• DATA RECORDS
_ _ _ _ _ _ _
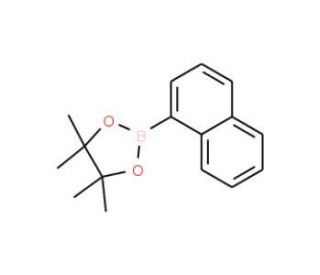 2-(1-Naphthylene)-4,4,5,5-tetramethyl-1,3,2-dioxaborolane (CAS 68716-52-9) - chemical structure image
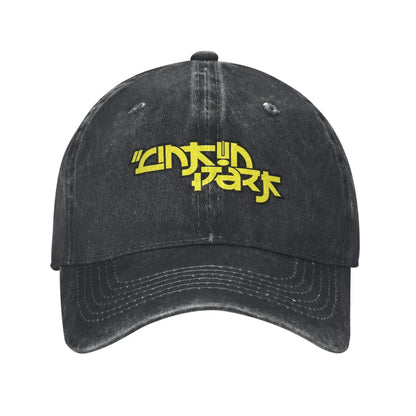 Logo Music Band Denim Baseball Cap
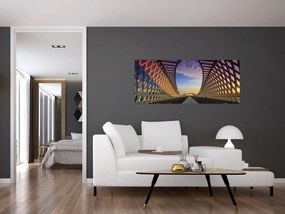 Tablou - Pod cu arhitectură modernă (120x50 cm)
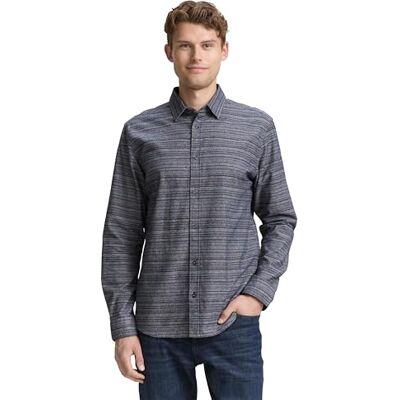 TOM TAILOR herrskjorta, 38492 – Navy Varied Cross Stripe, 3XL TOM TAILOR herrskjorta, 38492 – Navy Varied Cross Stripe, 3XL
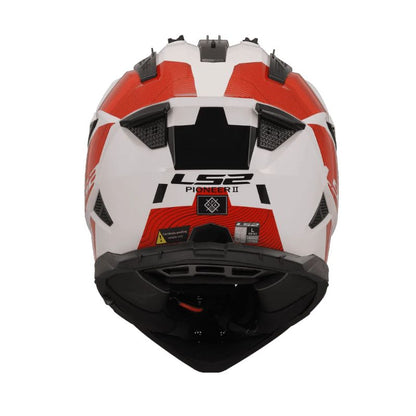 CASCO LS2 MX702 PIONEER II HILL BLANCO ROJO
_ _ _ _ _ _ _
• WORK REQUEST
Copy exactly, and only, the lines running from the one containing "Tablou - Pod" through the final line of the data, and omit the pictures.

• EXPECTED ANSWER
 Tablou - Pod cu arhitectură modernă (120x50 cm)
 TOM TAILOR herrskjorta, 38492 – Navy Varied Cross Stripe, 3XL TOM TAILOR herrskjorta, 38492 – Navy Varied Cross Stripe, 3XL
 CASCO LS2 MX702 PIONEER II HILL BLANCO ROJO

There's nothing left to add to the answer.